Letters

Keep running ads for Good Vibrations! It’s a good-humored, woman-positive enterprise, and an important resource for women who want to explore (and enjoy!) their sexuality without braving sleaze stores.

Splitting our bodies from our spirits cripples both.

Shalom, by SUSAN ROTHBAUM, Minneapolis, MN

I have enjoyed my subscription to LILITH for four years (it was a gift to myself when I graduated from medical school) Why do I value LILITH so much? For the intellectual stimulation, for information I do not receive from any other source, for contemporary women’s literature, and especially for inspiration. In today’s social climate, we desperately need more awareness of women as role models—strong biblical women (after all, the magazine is named for Lilith, not Eve), women immigrants, women during the Holocaust, and women in all walks of life who are blazing trails previously closed to us.

This is precisely why LILITH must continue to print this and similar ads.
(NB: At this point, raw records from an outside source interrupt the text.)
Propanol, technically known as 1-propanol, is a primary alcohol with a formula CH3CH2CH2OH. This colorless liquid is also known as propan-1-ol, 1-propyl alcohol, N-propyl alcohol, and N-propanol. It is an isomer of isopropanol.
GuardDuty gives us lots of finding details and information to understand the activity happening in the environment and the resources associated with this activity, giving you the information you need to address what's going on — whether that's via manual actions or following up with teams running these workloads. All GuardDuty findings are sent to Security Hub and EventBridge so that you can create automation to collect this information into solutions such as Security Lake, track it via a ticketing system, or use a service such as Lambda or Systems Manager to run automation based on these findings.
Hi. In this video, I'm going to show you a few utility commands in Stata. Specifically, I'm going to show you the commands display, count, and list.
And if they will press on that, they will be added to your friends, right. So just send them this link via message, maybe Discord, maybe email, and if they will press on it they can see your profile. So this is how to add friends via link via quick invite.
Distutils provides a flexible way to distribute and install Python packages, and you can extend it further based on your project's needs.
Women who enjoy vibrators and other sex toys have broken away from the idea that the only “correct” sex is with men who are somehow supposed to know what we want, and hopefully, will give it to us. We must affirm our right to enjoy our sexuality, either alone or with a partner. We are, after all, responsible for and entitled to our own pleasure.

As an AIDS educator, I was happy to see the term “safe sex” in the ad. In this era of AIDS, the only true safe sex is solo sex. Because of the questions about a partner’s drug and sexual history and the unreliability of condoms, I use the term “safer sex” when discussing sex with a partner.
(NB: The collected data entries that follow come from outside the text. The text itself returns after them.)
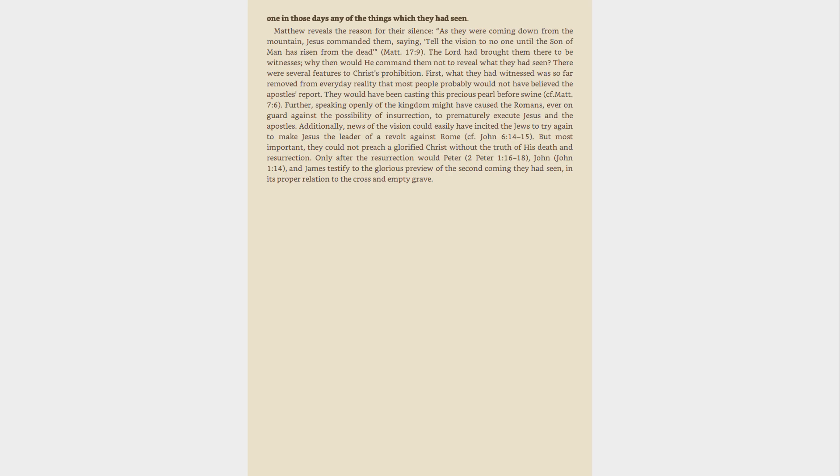But most important, they could not preach a glorified Christ without the truth of his death and resurrection. Only after the resurrection would Peter, 2 Peter 1:16-18, John, John 1:14, and James testify to the glorious preview of the second coming they had seen, in its proper relation to the cross and empty grave.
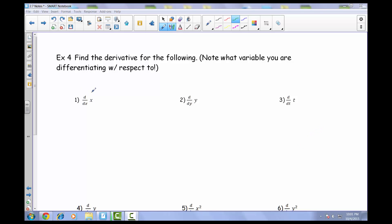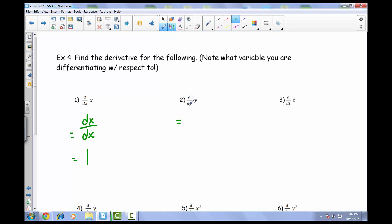For our first one, we see that we're taking the derivative of x with respect to x. As a result, you would end up with dx over dx, and this will just simplify out to be 1. For number 2, we're taking the derivative of y with respect to y. It behaves exactly the same, so dy over dy also comes out to be 1.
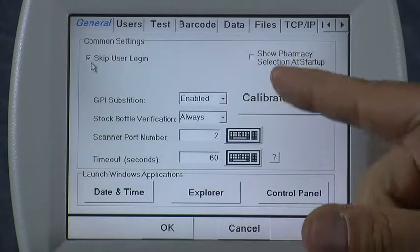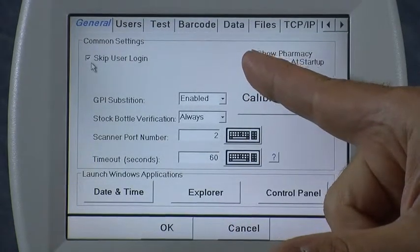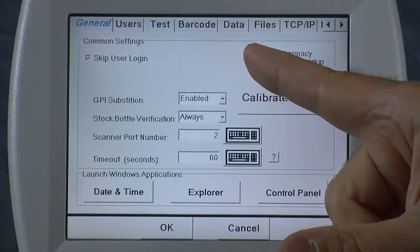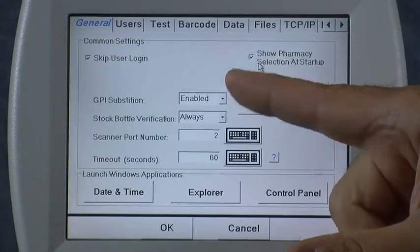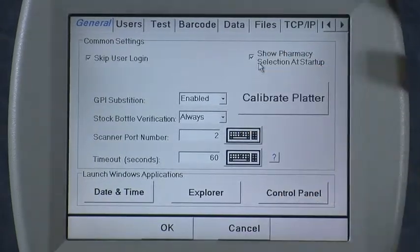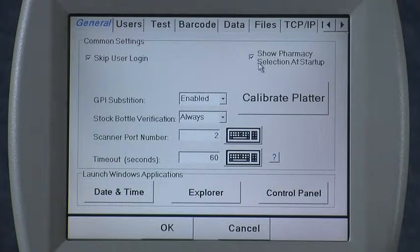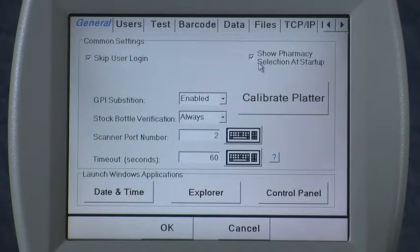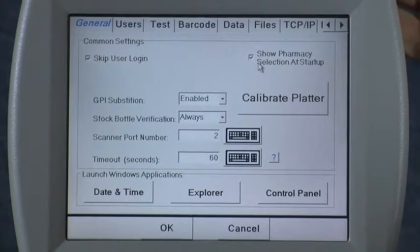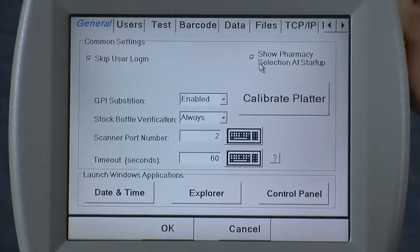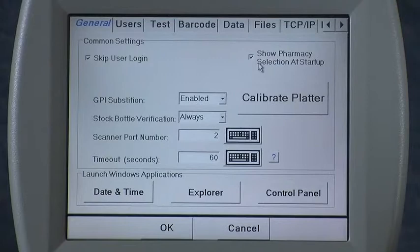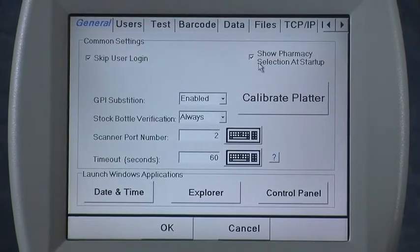The next feature, Show Pharmacy Selection at Startup, is strictly used for people who have had icons for many years and they're using the icon in the old mode of operation known as the PMSS mode.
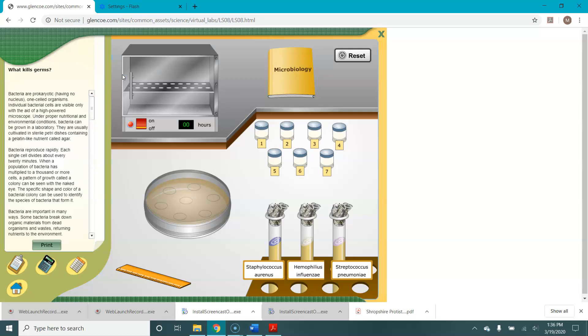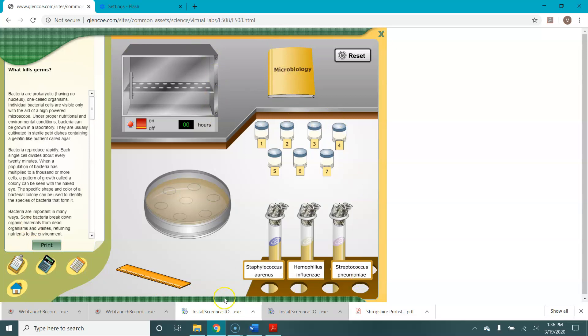Now I will tell you this lab is probably older than most of you are. It's got some typos in it so we are not going to use the information here or these tools down here. We're just going to use the lab tools so that you can simulate what it's like to do an experiment like this in the lab.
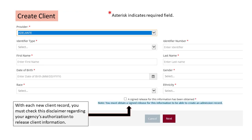Clicking on the Create Client link brings up the client record template. The provider will usually be a fixed field with a single name, although it is possible to have multiple sites listed. If a field has a red asterisk, the information is required and you cannot leave the field blank. You must check the box labeled 'a signed release for this information has been obtained' in order to create the record. This is a HIPAA requirement — without checking the release of information disclaimer, you cannot submit the information to Ohio MHAS.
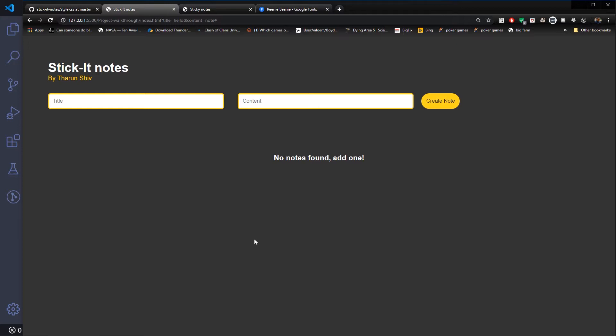I will not recommend local storage for a big-scale application or a very important application, just because it is not secure. For example, if you have a variable named 'count' in your local storage, someone else can just come to your browser and look at what you have stored there. There are a lot of security concerns with that.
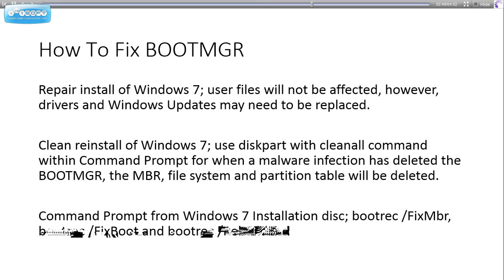Command Prompt from Windows 7 installation disc: you may want to use some of these commands.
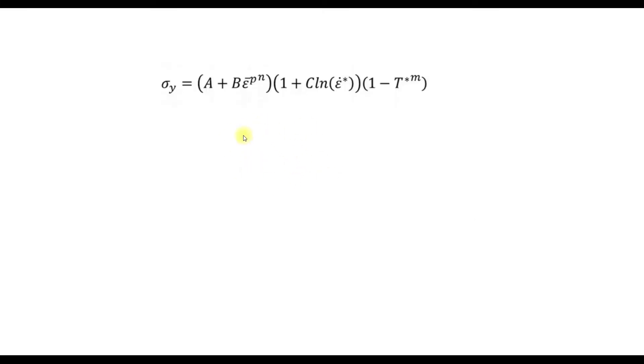In this video I want to show how to determine the a, b and n value for the Johnson-Cook equation. So we take a look at the first term here.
An active, joyous sex life is not incompatible with intellect and spirituality. Let’s continue to advertise Good Vibrations in LILITH!

by CINNDI DAVIDSON, D.O. Wells, ME

A radical feminist in the early 70’s, I became totally involved in the women’s liberation movement. Working with other passionately political women in the NYC chapter of NOW, I was very active in many political actions to achieve equality for women.
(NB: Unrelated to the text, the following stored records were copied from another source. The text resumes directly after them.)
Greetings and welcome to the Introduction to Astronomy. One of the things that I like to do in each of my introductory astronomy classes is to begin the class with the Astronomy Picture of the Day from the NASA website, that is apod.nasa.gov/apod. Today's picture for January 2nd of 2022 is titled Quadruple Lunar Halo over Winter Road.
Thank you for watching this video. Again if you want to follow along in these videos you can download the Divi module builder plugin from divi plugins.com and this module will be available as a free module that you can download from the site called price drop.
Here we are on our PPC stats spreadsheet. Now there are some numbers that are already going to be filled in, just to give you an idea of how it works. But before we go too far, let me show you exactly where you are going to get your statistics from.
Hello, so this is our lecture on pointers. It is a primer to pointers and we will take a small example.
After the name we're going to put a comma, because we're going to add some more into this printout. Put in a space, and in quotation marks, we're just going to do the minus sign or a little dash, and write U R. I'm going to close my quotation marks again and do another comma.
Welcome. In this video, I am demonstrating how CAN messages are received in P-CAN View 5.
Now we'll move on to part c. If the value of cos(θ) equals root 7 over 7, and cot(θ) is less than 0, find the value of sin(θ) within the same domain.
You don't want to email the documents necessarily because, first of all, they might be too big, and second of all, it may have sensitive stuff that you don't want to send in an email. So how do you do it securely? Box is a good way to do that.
In 1972 the chapter sponsored a Women’s Sexuality Conference and I was appointed coordinator. It was the first time in history that women were getting together to talk openly about sex and their own sexual lives. Highly successful, it was attended by over 1500 women. It was at this time that I became totally conscious of the fact that the way the patriarchy had succeeded in enslaving women was by denying us control over our own bodies and our own sexuality. I decided to embark on a business venture that I felt would empower women to reclaim their sexuality and reclaim their power. And so, my sex boutique, Eve’s Garden, was created in 1974. When I am often asked, “How come a nice Jewish girl like you started a sex business?”, I say, “to empower women to reclaim their self-esteem and sexual power, to change the world.”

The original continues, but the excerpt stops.